= Instructions for the task =
The expected answer is the set of lines in the data below between the line holding "Prada Saffiano" and the line holding "Дава под наем", inclusive, written out exactly.

= Saved entries =
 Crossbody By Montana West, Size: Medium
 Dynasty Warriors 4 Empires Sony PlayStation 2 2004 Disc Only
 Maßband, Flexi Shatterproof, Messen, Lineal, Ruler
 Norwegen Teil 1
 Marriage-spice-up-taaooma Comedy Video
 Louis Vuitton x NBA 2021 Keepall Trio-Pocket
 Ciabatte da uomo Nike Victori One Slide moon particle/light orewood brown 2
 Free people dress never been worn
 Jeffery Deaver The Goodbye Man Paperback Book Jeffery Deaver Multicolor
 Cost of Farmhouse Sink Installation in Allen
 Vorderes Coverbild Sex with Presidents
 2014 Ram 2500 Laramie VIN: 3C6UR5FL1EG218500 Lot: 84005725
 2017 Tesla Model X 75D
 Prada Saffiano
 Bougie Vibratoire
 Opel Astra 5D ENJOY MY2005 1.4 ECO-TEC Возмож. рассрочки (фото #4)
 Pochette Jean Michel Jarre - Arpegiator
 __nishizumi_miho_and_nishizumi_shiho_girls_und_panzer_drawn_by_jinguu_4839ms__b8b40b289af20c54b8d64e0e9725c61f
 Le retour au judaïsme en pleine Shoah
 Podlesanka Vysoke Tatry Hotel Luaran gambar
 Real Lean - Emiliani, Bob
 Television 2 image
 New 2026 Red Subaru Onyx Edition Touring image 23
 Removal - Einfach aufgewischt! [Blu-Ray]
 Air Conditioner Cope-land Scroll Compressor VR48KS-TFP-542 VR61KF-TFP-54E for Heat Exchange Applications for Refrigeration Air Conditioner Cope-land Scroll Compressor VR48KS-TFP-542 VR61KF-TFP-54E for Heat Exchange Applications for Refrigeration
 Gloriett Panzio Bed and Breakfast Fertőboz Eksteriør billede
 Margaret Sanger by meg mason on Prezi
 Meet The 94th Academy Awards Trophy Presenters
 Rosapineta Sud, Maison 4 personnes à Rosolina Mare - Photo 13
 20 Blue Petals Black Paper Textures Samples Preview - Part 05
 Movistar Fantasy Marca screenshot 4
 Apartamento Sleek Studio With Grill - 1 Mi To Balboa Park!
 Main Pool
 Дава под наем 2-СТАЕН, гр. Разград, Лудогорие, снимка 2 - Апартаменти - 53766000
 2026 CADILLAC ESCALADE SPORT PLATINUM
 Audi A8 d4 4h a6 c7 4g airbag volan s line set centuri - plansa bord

= Your response =
 Prada Saffiano
 Bougie Vibratoire
 Opel Astra 5D ENJOY MY2005 1.4 ECO-TEC Возмож. рассрочки (фото #4)
 Pochette Jean Michel Jarre - Arpegiator
 __nishizumi_miho_and_nishizumi_shiho_girls_und_panzer_drawn_by_jinguu_4839ms__b8b40b289af20c54b8d64e0e9725c61f
 Le retour au judaïsme en pleine Shoah
 Podlesanka Vysoke Tatry Hotel Luaran gambar
 Real Lean - Emiliani, Bob
 Television 2 image
 New 2026 Red Subaru Onyx Edition Touring image 23
 Removal - Einfach aufgewischt! [Blu-Ray]
 Air Conditioner Cope-land Scroll Compressor VR48KS-TFP-542 VR61KF-TFP-54E for Heat Exchange Applications for Refrigeration Air Conditioner Cope-land Scroll Compressor VR48KS-TFP-542 VR61KF-TFP-54E for Heat Exchange Applications for Refrigeration
 Gloriett Panzio Bed and Breakfast Fertőboz Eksteriør billede
 Margaret Sanger by meg mason on Prezi
 Meet The 94th Academy Awards Trophy Presenters
 Rosapineta Sud, Maison 4 personnes à Rosolina Mare - Photo 13
 20 Blue Petals Black Paper Textures Samples Preview - Part 05
 Movistar Fantasy Marca screenshot 4
 Apartamento Sleek Studio With Grill - 1 Mi To Balboa Park!
 Main Pool
 Дава под наем 2-СТАЕН, гр. Разград, Лудогорие, снимка 2 - Апартаменти - 53766000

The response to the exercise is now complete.